Since my season pass is set for New Episodes Only, the incorrect guide data that let last week's episode record again last night, prevented tonight's actual new episode from be scheduled to record. Even if you don't have your TiVo set for New Episodes only, the identical guide data for last night's midnight showing and tonight's new episode will likely prevent your TiVo from recording tonight's episode under the 28 day rule.

So if you have a season pass for Downton Abbey, check to confirm that tonight's new episode is in your "to be recorded" list.

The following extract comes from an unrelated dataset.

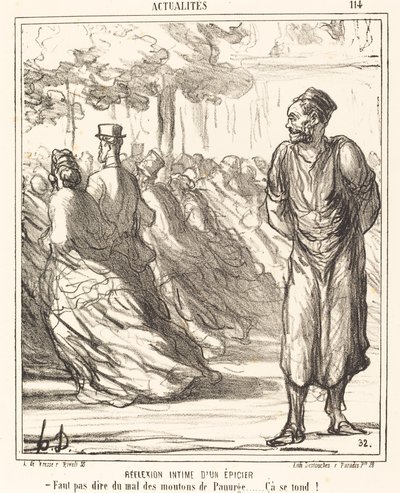 Ruokakauppiaan intiimi heijastus tekijältä Honoré Daumier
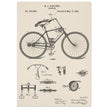 Vintage bicycle patent by Richard J Gatling 1894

(This was for Downton Abbey being recorded from WGBH in Boston via Comcast channel 802.)


----------



## nirisahn (Nov 19, 2005)

Our station (KRMA-Denver) is airing two episodes baci-to-back. My season pass did pick it up.


----------



## ThePennyDropped (Jul 5, 2006)

WGBH is also showing two episodes back to back tonight. Last week's at 8:00, this week's at 9:00. The problem is that they also aired last week's episode at midnight last night, but the guide data incorrectly listed it as tonight's new (9:00) episode, so my TiVo thinks it already recorded it. Probably only a problem for people recording the feed from WGBH.


----------



## wtkflhn (May 12, 2006)

ThePennyDropped said:


> This morning I noticed that an episode of Downton Abbey had recorded last night at midnight. When I looked at the description, the plot appeared to be that of the new episode that I expected to air tonight at 9:00. Scanning through the episode, I recognized it as last week's.
> 
> Since my season pass is set for New Episodes Only, the incorrect guide data that let last week's episode record again last night, prevented tonight's actual new episode from be scheduled to record. Even if you don't have your TiVo set for New Episodes only, the identical guide data for last night's midnight showing and tonight's new episode will likely prevent your TiVo from recording tonight's episode under the 28 day rule.
> 
> ...


By the way. Tonites episode is only 1 hr. But next week and the week after ( the season finale) are both 2 hrs. Make sure you don't have any conflicts with this.

Don H.


----------



## drr5000 (Oct 18, 2004)

ThePennyDropped said:


> ...
> (This was for Downton Abbey being recorded from WGBH in Boston via Comcast channel 802.)


This was also true of Verizon FIOS in the Boston/Newton area.


----------



## nirisahn (Nov 19, 2005)

Ours turned out to be a rerun and a new episode. Don't know why I didn't realize that.


----------



## laria (Sep 7, 2000)

Doh, I wish I'd noticed this last night.


----------



## laria (Sep 7, 2000)

laria said:


> Doh, I wish I'd noticed this last night.


Well it's re-running like 3 times more on WGBH next weekend, plus on WMEA too, so I'll be set by the time I get to that episode.  I just finished streaming season 1 last week and I still have the whole season on tivo to catch up on anyway.


----------